» DATA FOR THIS EXERCISE
-------------------------

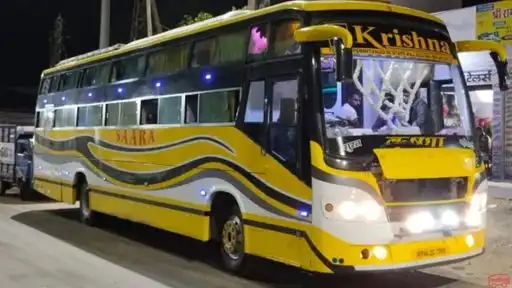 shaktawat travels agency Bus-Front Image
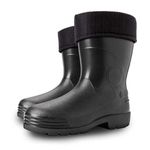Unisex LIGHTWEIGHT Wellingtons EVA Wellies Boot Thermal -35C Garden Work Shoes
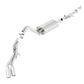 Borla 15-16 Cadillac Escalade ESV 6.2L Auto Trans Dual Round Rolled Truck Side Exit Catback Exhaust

-------------------------

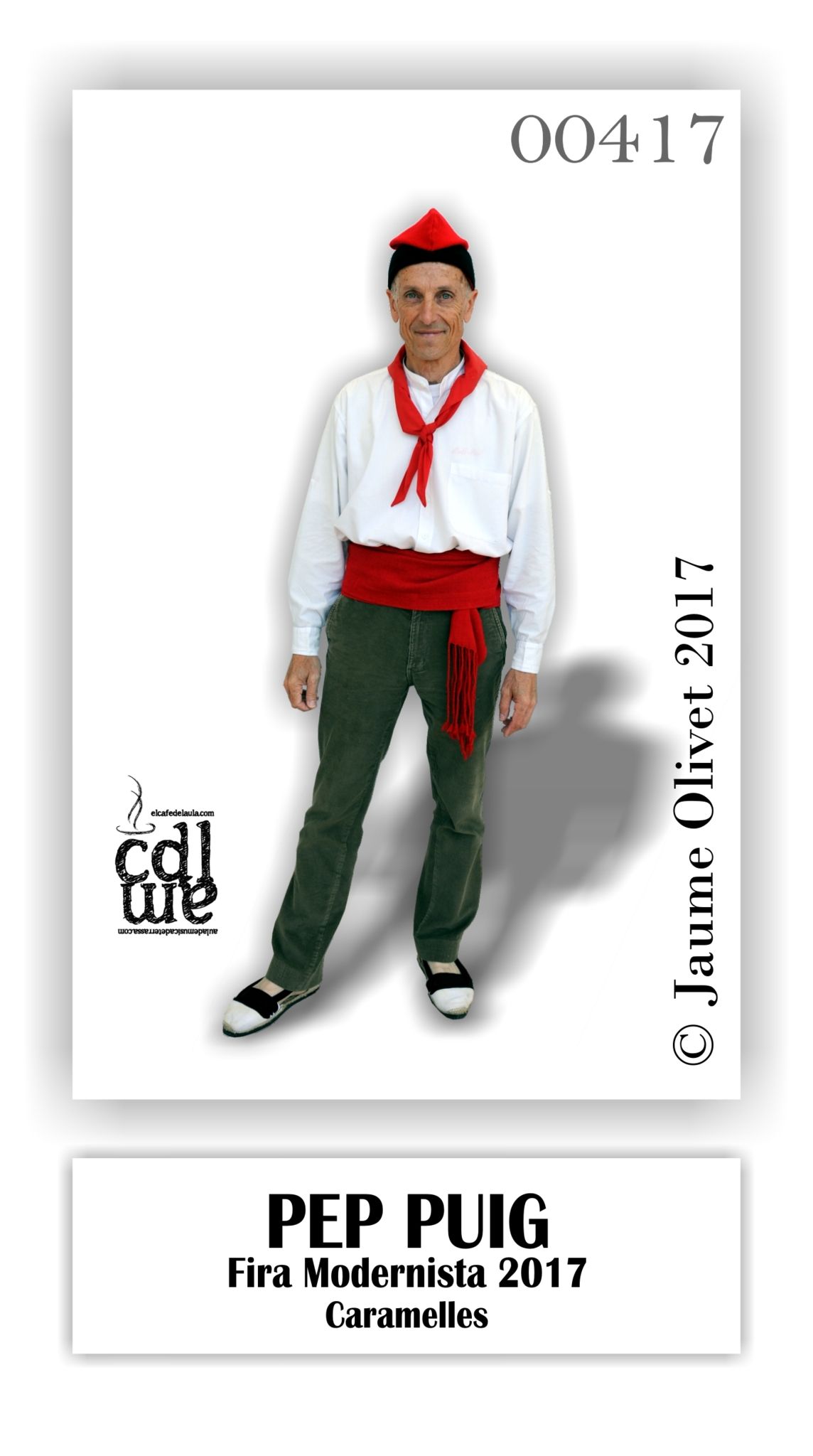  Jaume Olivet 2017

-------------------------

» WHAT IS EXPECTED
Respond with the exact lines above running from the one containing "shaktawat travels agency Bus-Front Image" to the one containing "Borla 15-16 Cadillac", both ends kept and no pictures included.

» EXERCISE OUTPUT
 shaktawat travels agency Bus-Front Image
Unisex LIGHTWEIGHT Wellingtons EVA Wellies Boot Thermal -35C Garden Work Shoes
 Borla 15-16 Cadillac Escalade ESV 6.2L Auto Trans Dual Round Rolled Truck Side Exit Catback Exhaust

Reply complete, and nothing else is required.